[Data extracted from a collection]
==*==
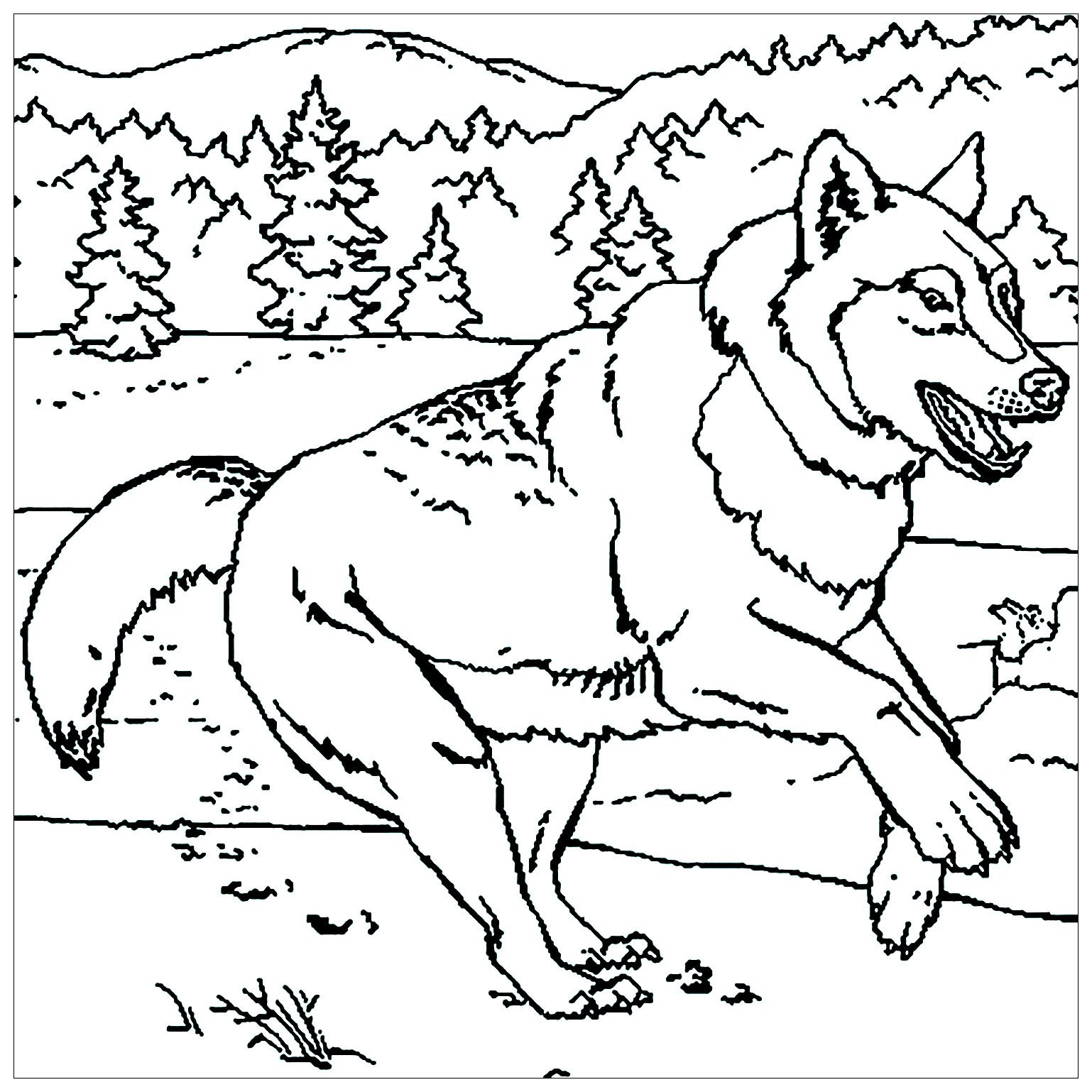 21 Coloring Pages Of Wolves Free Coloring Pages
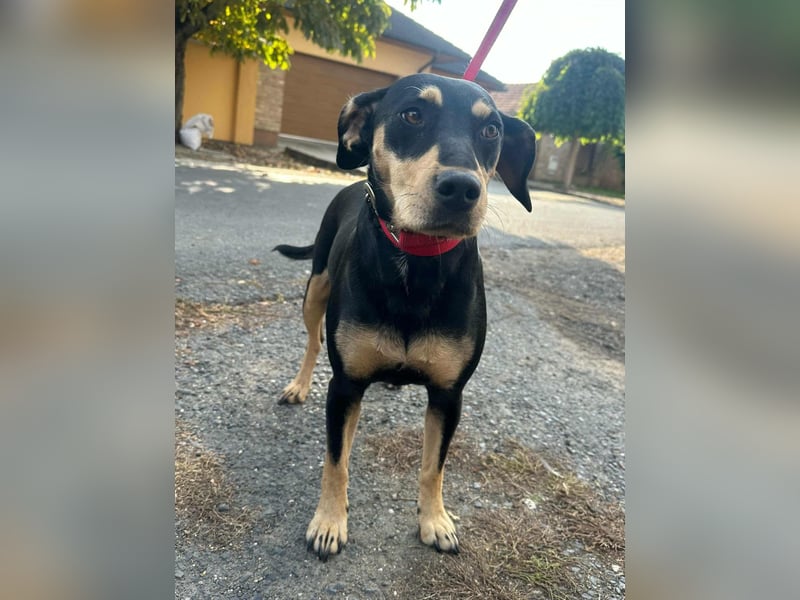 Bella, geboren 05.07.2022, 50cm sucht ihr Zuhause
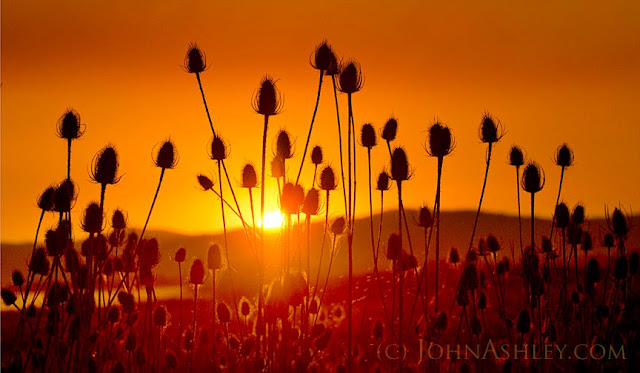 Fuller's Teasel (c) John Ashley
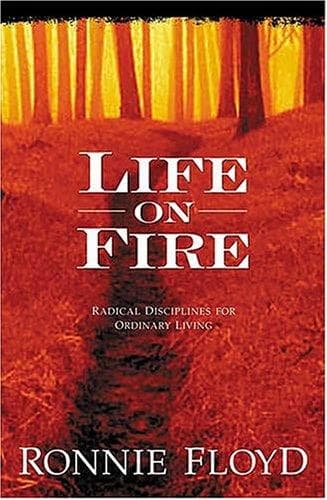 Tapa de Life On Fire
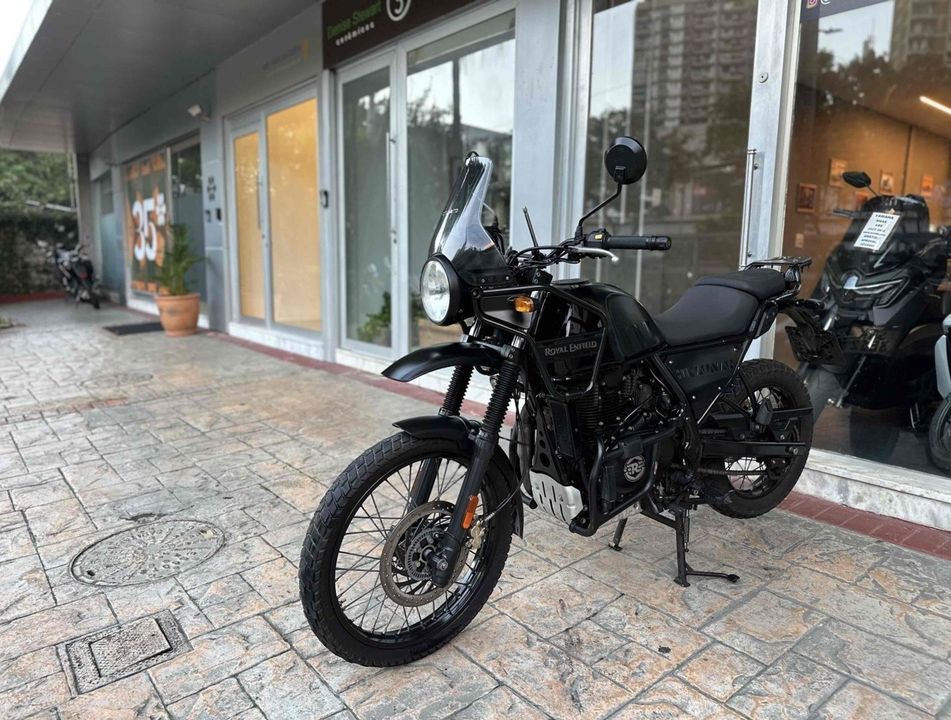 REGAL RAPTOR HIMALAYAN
==*==
EXERCISE GOAL: Reproduce all the records verbatim, excluding images.

TASK RESULT:
 21 Coloring Pages Of Wolves Free Coloring Pages
 Bella, geboren 05.07.2022, 50cm sucht ihr Zuhause
 Fuller's Teasel (c) John Ashley
 Tapa de Life On Fire
 REGAL RAPTOR HIMALAYAN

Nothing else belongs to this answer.